# Activity
Reproduce exactly the lines from the one that holds "Porsche 911 Targa" through the last line of the entries, both ends included, but not the pictures.

# Records provided

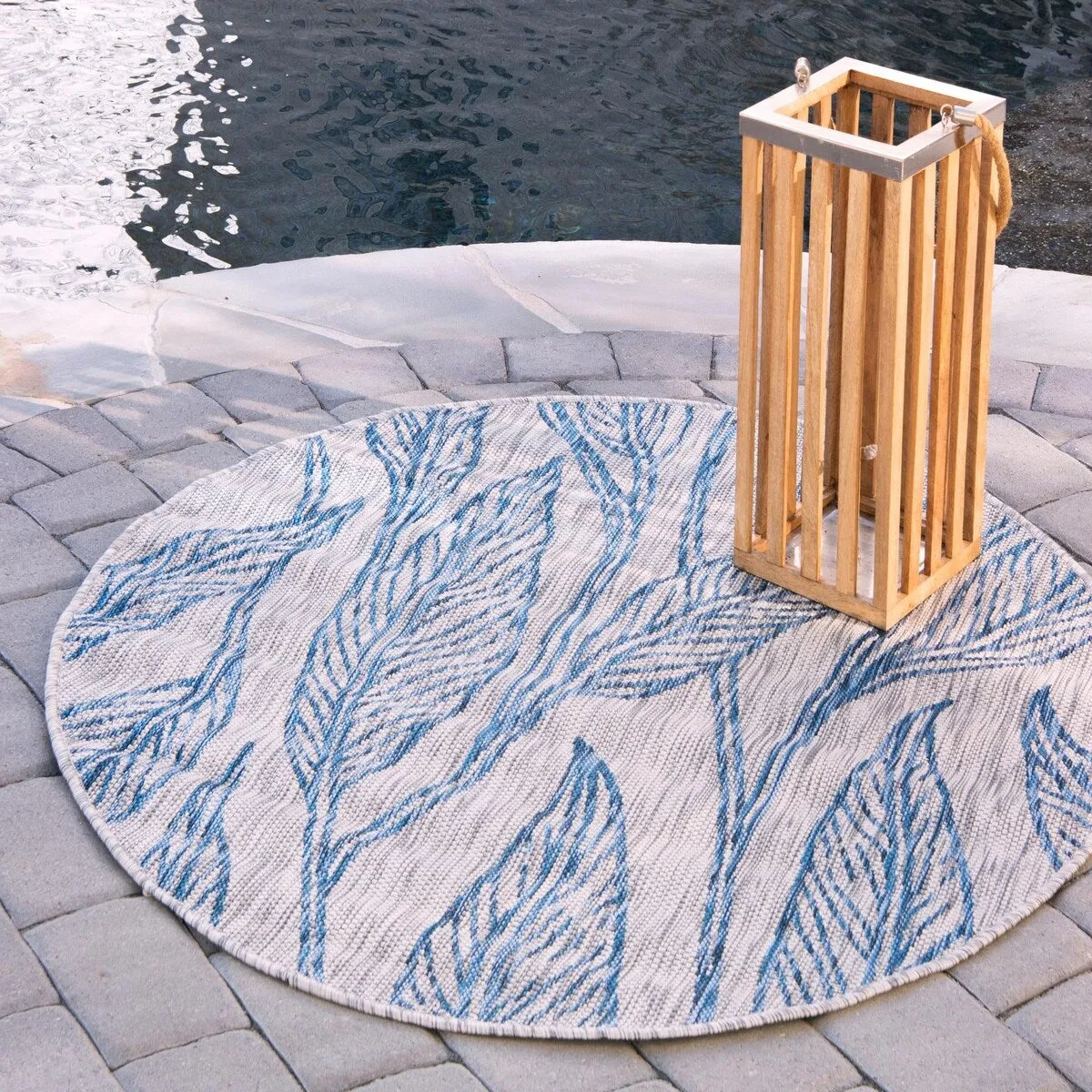 Outdoor Turgh Collection Area Rug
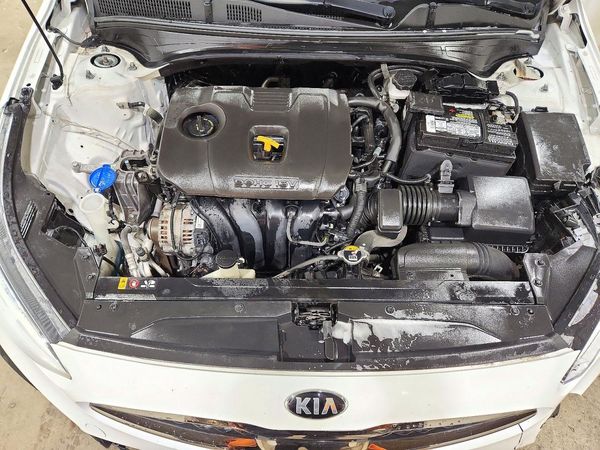 2021 KIA FORTE GT Line — Engine bay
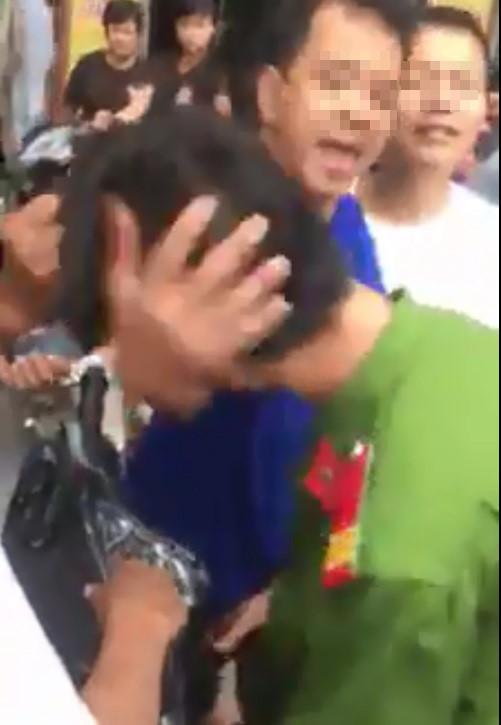 Thanh niên bị người dân bao vây, tát là công an nghĩa vụ-1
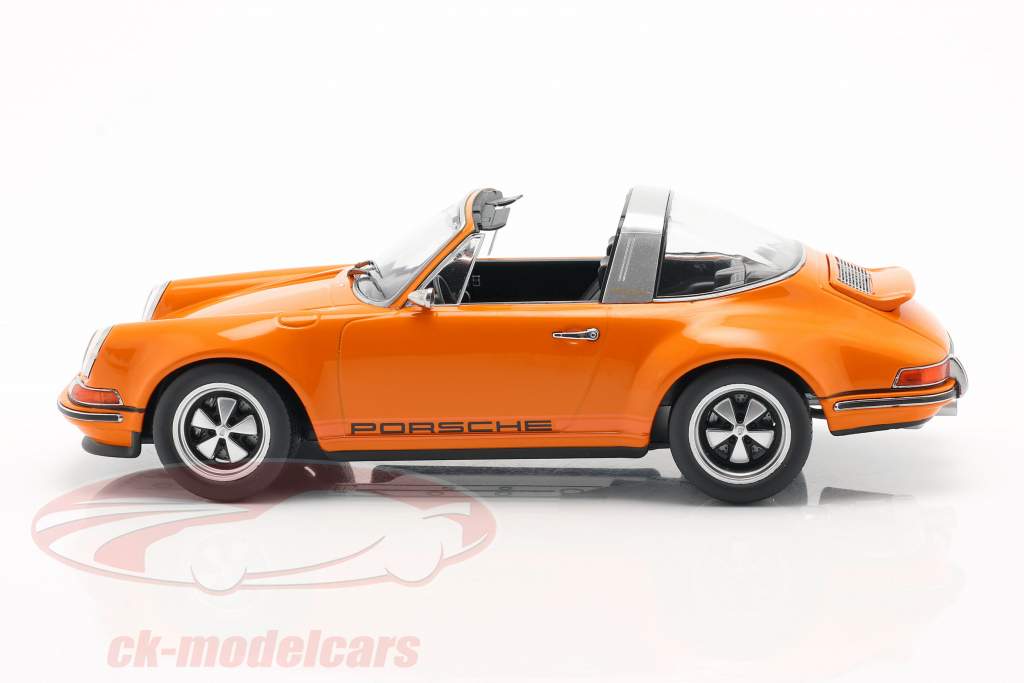 Porsche 911 Targa Singer Design arancia 1:18 KK-Scale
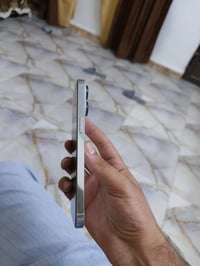 ذاكرة ٢٥٦ • بطارية ٨٢ • كاميرا مشكلة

# Response box
 Porsche 911 Targa Singer Design arancia 1:18 KK-Scale
 ذاكرة ٢٥٦ • بطارية ٨٢ • كاميرا مشكلة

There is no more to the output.